Here at POFP, we're planning a campaign against errant apostrophes -- we call it the battle for "genitive integrity."

Word of the Week

Companion Animal

Under various state animal cruelty statutes, a "companion animal" is an animal that is commonly considered a pet. Under New York law, the crime of aggravated cruelty to animals applies only to abuse of domesticated animals. In the landmark case of People v. Garcia, it was finally settled that pet goldfish do indeed qualify as "companion animals" -- just in case anyone was considering taking away their little plastic castle.

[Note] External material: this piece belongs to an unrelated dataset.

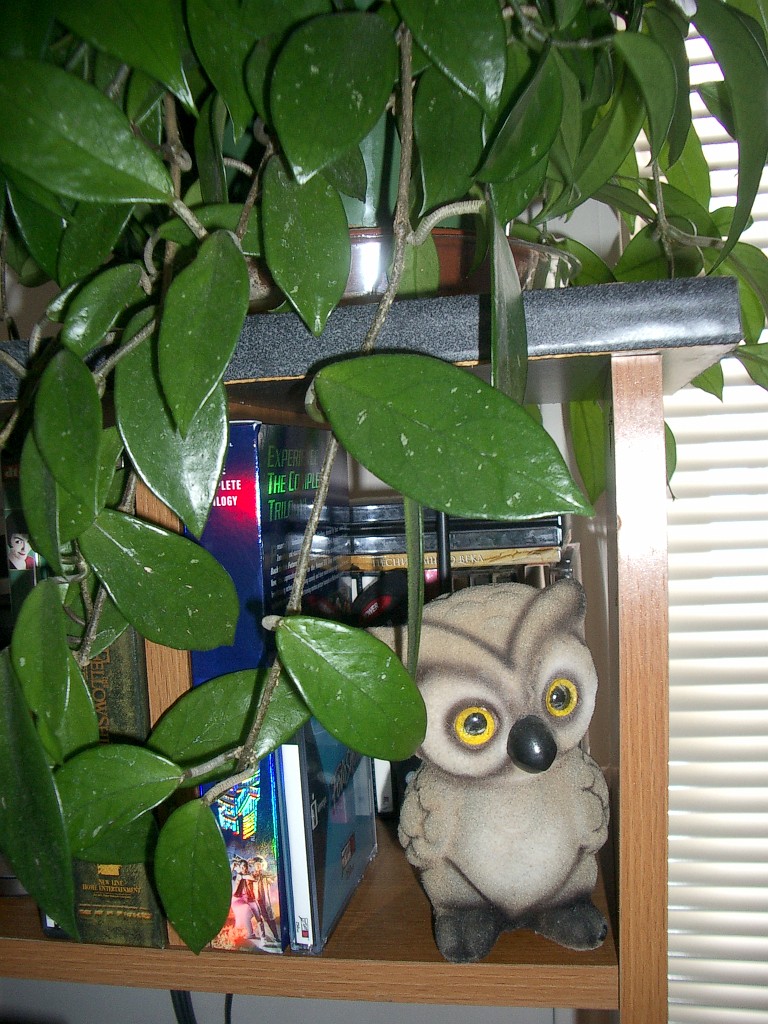 owls-teapots-1277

In a cosmic coincidence, the very funny Supreme Court Jester has taken up the goldfish/companion animal theme. He has written a detailed post about the rights of goldfish -- including goldfish divorce law!

Sunday, February 3, 2008

Word of the Week

Corruption of Blood

Disqualification from inheriting, retaining, or passing on to one's heirs any rank or title or any interest in land. (See Random House Webster's Dictionary of Law). Corruption was part of the punishment of "Attainder" -- attainder being related to taint, as in "tainting the blood" -- and was reserved for heinous crimes such as treason. Both Attainder and Corruption of Blood are prohibited by the Constitution. So the good news is that you're free to pass on any title to your heirs, but then, the Constitution also prohibits the government from granting titles.

Put that in Plain Tetun!

A big -- but often overlooked -- issue in legal language is "what language is legal?" In East Timor, the news agency AKI reports that the Asia Foundation is working on translating the laws into the local language, Tetun. Until now, most of East Timor's laws were exclusively in Portuguese, a holdover from Portugal's colonial rule, which ended in 1975. That may seem like a small matter, but it has been estimated that only about 5 percent of East Timorese are fluent in Portugese; the other 95 percent have no access to the country's statutes. Until now, that is.

To all those Tetun speakers out there: welcome to the world of legalese!